C’est le cas au cœur du monde musulman en proie à une crise historique, après que l’islamisme ait été choyé, défendu, propulsé par l’impérialisme nord-américain contre les mouvements d’inspiration communiste ou socialiste. C’est également le cas au cœur de la réaction qui cherche à reprendre les rênes dans l’ensemble du continent américain. Au nord du continent où les théories créationnistes et autres célébrations de la pensée obscurantiste ont pignon sur rue, défendues par Donald Trump et une grande partie du camp républicain ; au sud où les bourgeoisies compradores à la manœuvre contre les mouvements sociaux et démocratiques ne ratent aucune occasion de brandir la Bible comme nous l’avons vu en Bolivie cette semaine ou de solliciter le concours des évangélistes protestants comme le fit au Brésil Jaïr Bolsonaro. En Europe, les extrêmes-droites activent le retour des identités religieuses opposées aux conceptions matérialistes, aux progressismes et aux idées émancipatrices. En Israël, l’oppression du peuple palestinien est désormais légitimée par la religion par les gouvernements successifs qui offrent une place centrale aux mouvements juifs fondamentalistes. L’adoption le 19 juillet 2018 de loi « Israël, État-nation du peuple juif », fut en pas décisif vers une conception éthniciste, raciste et religieuse de la nation. En Turquie, le despote Erdogan promeut une vision rétrograde de la religion qu’il oppose aux mouvements sociaux, égalitaires et démocratiques.

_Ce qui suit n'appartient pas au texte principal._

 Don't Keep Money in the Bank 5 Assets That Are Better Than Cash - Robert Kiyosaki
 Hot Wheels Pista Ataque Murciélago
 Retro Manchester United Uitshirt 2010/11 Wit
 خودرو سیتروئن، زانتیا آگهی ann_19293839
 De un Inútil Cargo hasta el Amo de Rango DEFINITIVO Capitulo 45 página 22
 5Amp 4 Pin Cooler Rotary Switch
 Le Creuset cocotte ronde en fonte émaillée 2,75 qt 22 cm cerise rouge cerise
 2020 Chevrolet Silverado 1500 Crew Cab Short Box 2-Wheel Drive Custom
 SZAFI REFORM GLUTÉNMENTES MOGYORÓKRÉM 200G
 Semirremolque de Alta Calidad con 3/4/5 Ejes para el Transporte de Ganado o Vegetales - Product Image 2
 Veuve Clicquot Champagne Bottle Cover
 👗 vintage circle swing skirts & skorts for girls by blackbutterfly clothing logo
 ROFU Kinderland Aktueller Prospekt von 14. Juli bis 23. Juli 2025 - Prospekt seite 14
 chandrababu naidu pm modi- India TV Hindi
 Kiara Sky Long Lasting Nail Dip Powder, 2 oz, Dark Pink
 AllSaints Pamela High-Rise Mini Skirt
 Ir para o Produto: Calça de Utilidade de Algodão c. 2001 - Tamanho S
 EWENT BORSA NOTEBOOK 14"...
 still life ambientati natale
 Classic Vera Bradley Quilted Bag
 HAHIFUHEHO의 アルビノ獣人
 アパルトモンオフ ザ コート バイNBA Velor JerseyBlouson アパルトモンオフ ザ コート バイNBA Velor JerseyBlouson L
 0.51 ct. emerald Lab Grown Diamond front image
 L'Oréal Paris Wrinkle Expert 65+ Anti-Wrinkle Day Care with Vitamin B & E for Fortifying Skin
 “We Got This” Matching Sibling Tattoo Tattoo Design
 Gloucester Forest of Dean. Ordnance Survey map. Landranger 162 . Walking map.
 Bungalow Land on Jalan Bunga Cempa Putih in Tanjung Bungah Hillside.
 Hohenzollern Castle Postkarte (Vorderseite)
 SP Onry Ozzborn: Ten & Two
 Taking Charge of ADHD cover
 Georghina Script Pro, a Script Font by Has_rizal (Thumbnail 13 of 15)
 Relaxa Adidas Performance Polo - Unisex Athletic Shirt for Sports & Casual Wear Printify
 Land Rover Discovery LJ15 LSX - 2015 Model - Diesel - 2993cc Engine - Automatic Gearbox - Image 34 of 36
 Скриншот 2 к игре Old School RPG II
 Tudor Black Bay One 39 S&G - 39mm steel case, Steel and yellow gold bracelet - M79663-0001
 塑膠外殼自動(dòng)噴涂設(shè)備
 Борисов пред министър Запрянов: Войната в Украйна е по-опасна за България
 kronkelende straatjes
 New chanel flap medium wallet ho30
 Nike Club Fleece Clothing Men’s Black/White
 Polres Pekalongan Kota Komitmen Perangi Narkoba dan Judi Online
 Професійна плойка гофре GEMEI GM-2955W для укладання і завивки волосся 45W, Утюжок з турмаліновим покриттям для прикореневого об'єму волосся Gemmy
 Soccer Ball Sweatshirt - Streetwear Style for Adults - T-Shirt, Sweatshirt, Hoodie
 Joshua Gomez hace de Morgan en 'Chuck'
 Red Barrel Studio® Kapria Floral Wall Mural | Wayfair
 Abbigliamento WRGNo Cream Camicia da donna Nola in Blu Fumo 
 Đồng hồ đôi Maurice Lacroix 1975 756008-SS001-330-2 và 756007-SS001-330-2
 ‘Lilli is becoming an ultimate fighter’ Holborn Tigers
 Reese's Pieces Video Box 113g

La France, ancrée dans une tradition matérialiste et universaliste, celle-là même qu’abhorrent les Zemmour comme les militants islamistes, échappe à cette chape de plomb. Et les musulmans dans leur écrasante majorité adhèrent au principe de laïcité, vivant leur foi dans le respect des institutions républicaines et l’attachement à une éducation nationale fondée sur la raison. Quand ces musulmans, hommes et femmes voilées ou non, sont continuellement ramenés à leur origine ou religion - qu’il en soit dit du bien ou du mal -, il est de la responsabilité des forces de gauche et de transformation de les ramener à leur universelle condition sociale qui, pour la plupart d’entre eux, est celle des classes populaires de notre pays. Et pour cela, refuser les condamnations et relégations des femmes portant un voile, et au contraire engager avec elles et eux un dialogue fécond.